Par ailleurs, les commentaires publiés à propos des webdocs historiques révèlent également la prégnance de la dimension technique du web-documentaire. Alain G. a publié sur le site du monde le commentaire suivant à propos du webdoc Berlin 1989, souvenirs d’un monde d’hier :

« Merci d’avoir mis ces moyens techniques en œuvre sur ce sujet qui me passionne. De plus, j’ai l’impression d’avoir accédé à l’information telle qu’elle sera dans le futur. Je ne sais pas si vous l’avez déjà proposé sur d’autres sujets, mais moi je découvre et je dis bravo! »

De tels commentaires mettent en exergue l’importance de cette dimension technique du webdocumentaire.
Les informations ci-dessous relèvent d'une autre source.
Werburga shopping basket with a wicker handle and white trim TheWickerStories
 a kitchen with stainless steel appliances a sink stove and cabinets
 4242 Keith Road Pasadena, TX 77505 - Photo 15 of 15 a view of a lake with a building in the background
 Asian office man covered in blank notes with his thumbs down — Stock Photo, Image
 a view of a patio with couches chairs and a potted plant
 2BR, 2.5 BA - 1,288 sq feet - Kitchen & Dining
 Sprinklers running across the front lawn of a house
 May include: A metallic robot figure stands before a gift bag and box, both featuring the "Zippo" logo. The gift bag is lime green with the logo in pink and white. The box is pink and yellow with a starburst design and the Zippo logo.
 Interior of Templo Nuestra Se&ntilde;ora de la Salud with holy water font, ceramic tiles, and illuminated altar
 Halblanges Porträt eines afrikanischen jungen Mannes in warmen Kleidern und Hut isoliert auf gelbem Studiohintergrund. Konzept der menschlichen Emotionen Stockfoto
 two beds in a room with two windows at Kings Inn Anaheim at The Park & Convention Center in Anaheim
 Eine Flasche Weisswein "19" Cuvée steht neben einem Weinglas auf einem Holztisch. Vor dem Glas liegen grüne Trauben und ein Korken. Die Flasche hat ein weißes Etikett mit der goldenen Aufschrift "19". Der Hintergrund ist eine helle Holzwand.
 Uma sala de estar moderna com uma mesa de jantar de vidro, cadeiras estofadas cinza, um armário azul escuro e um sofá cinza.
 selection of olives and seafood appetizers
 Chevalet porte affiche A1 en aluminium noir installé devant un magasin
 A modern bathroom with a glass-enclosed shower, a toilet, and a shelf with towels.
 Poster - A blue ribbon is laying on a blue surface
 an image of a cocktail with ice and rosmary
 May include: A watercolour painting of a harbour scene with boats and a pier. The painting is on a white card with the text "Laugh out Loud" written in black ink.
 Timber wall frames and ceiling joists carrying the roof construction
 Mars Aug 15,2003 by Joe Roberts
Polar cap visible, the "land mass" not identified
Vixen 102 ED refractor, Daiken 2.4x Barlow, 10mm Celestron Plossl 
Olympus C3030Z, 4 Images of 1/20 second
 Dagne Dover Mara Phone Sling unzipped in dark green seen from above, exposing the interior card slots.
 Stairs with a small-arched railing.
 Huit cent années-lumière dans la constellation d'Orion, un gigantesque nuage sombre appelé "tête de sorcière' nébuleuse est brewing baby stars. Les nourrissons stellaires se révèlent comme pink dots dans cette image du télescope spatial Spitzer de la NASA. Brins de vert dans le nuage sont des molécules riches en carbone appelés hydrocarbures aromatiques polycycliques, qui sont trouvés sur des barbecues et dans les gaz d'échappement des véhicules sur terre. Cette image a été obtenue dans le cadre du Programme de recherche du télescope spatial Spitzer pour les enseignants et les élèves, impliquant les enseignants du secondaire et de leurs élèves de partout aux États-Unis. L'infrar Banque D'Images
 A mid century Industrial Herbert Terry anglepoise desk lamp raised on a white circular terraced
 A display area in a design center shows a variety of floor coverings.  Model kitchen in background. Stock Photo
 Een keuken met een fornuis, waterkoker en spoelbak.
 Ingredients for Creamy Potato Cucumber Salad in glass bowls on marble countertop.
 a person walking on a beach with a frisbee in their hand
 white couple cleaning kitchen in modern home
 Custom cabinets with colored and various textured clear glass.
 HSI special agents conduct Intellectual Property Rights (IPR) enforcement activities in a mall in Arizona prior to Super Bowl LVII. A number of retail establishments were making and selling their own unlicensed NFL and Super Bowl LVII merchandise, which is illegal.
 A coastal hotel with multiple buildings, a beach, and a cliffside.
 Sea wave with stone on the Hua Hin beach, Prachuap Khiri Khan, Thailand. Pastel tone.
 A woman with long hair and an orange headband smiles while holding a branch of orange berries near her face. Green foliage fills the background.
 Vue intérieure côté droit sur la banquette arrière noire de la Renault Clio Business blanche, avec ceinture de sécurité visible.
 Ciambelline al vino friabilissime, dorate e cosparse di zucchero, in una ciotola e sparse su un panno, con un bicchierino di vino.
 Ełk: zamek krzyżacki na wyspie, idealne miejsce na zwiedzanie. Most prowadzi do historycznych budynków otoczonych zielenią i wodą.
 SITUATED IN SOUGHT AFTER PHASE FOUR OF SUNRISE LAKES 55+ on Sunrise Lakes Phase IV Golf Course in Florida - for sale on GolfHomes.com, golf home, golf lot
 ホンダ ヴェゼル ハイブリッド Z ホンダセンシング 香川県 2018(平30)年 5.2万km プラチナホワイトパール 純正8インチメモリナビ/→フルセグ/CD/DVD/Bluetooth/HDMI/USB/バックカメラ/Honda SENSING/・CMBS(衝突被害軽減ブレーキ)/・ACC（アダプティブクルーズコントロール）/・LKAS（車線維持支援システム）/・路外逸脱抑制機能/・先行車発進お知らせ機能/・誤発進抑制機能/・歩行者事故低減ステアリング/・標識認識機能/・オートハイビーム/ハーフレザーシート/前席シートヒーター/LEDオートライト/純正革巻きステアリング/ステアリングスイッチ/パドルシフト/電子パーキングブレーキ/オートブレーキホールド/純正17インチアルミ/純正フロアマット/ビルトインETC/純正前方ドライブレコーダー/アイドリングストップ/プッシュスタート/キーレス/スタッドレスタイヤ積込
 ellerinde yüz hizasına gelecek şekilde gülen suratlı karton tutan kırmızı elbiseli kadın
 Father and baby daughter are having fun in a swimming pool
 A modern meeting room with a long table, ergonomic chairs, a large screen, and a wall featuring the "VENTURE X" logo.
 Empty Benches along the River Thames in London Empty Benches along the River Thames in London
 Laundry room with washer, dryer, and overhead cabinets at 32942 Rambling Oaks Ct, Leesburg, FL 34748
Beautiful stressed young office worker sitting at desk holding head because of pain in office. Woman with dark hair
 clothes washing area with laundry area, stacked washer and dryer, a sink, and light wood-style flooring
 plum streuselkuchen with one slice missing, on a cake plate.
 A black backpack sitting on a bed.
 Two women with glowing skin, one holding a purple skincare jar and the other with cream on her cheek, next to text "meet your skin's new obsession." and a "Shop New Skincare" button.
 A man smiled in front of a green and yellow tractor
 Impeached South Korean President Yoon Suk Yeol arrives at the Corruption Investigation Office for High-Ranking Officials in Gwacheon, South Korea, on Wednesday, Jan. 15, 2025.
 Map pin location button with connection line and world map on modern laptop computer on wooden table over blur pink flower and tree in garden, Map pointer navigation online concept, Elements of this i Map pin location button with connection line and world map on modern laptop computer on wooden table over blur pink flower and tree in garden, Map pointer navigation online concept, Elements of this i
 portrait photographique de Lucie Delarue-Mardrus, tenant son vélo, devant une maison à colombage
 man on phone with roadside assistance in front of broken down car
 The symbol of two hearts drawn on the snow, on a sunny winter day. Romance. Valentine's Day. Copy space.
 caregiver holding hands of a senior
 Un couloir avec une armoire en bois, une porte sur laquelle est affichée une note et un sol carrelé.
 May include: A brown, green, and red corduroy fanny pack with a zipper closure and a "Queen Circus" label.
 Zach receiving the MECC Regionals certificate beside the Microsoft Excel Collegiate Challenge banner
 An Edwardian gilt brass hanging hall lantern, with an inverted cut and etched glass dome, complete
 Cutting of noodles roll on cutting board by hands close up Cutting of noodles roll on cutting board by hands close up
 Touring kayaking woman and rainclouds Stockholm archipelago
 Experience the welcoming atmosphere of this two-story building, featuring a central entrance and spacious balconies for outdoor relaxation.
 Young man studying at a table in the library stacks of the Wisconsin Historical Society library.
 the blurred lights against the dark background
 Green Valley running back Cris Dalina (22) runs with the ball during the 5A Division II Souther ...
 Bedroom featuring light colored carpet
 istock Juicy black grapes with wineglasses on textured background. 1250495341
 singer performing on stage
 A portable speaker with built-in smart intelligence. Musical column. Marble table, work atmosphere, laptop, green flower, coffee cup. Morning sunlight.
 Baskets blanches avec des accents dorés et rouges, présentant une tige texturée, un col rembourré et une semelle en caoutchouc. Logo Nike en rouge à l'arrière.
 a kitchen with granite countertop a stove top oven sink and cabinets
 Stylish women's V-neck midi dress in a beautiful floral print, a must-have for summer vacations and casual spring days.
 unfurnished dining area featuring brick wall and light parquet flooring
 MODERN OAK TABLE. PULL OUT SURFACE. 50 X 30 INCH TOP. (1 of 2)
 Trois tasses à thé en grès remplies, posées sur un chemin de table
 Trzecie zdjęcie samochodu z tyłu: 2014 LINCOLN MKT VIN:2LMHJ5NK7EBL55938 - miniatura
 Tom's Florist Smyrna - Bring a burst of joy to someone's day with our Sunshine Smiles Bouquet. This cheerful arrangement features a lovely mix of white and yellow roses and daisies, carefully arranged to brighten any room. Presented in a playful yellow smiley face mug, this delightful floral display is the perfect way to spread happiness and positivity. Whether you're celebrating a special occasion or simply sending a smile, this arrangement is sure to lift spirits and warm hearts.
Dans un article publié dans la revue Hermès, Dominique Cotte insiste à plusieurs reprises sur cette dimension des sites internet. Selon lui, le média informatisé est doté d’une « double nature »(76) . Il est « à la fois support communicationnel (symbolique) et artefact technique ». Il y a une véritable volonté, dans son approche, de rendre à ces dispositifs médiatiques leur « épaisseur technique ». Dominique Cotte rappelle également que « tout dispositif de
communication contemporain s’articule sur (au moins) deux niveaux : une partie visible, offerte sur des dispositifs de lecture fortement technicisés (les écrans) et une partie invisible formée de dispositifs de programmation, d’organisation et de transfert. »(77) Il avance ces postulats afin de déterminer des lignes directrices qui permettent d’envisager ces objets médiatiques selon la triple dimension sémiotique, technologique et anthropologique. C’est dans cette démarche que s’inscrit notre travail. Le web-documentaire historique rend tangible cette dimension technique essentielle à la manipulation du dispositif.

Dans le premier chapitre de l’ouvrage collectif L’outre lecture, les auteurs parlent même de la « dimension ”technologique” de la cognition »(78). Ils développent l’hypothèse selon laquelle la manipulation est inséparable de la production de sens. « On pourrait même dire qu’il [le site internet] ne délivre d’information qu’à condition d’être manipulé »79. Les espaces d’action et de compréhension ne font donc qu’un au sein d’un web-documentaire historique. La manipulation génère de l’information ou mène vers elle : « le travail sur le sens s’appuie sur la manipulation de signes écrits et d’objets graphiques qui n’indiquent pas seulement mais qui contribuent aux métamorphoses matérielles de l’écran »(80). La production et l’enregistrement de sens ne peuvent donc être pensés sans cette manipulation dont la nécessité n’est donc plus à démontrer.

Toutefois les individus n’incarnent pas perpétuellement le même rôle au sein de ce dispositif. La manipulation est une posture qu’il adopte alternativement. En effet, les différentes enquêtes d’observation nous indiquent que plusieurs postures existent au cours du même visionnage. Samuel Gantier pense que l’individu est « en tension permanente entre deux postures spectatorielles qu’il occupe alternativement »(81) L’une permet au lecteur de s’identifier aux enjeux du récit. L’internaute est alors « immergé dans la diégèse » et baigne dans le flux du contenu. L’autre consiste en une posture externe où l’internaute est « invité à cliquer sur l’interface afin de choisir les différents chemins narratifs »(82). L’observation de Célia illustre cette alternance de posture. D’autant plus que cette dernière s’incarne dans des positions du corps spécifiques : le corps détaché de l’outil informatique ou les mains posés sur l’outil et le corps avancé. La manipulation n’est donc pas la seule posture de l’internaute au sein du dispositif. Sa place est donc double : à la fois acteur et spectateur.

75 VANDENDORPE, Christian, Du papyrus à l’hypertexte, op cit.
76 COTTE, Dominique, Ecrits des réseaux, écrits en strates Sens, technique, logique, dans la revue Hermès n°39, 2004
77 Ibid
78 L’outre lecture, Manipuler, (s’)approprier, interpréter le web, op cit.
79 Ibid
80 Ibid
81 GANTIER, Samuel, BOLKA, Laura, L’expérience immersive du webdocumentaire, op cit.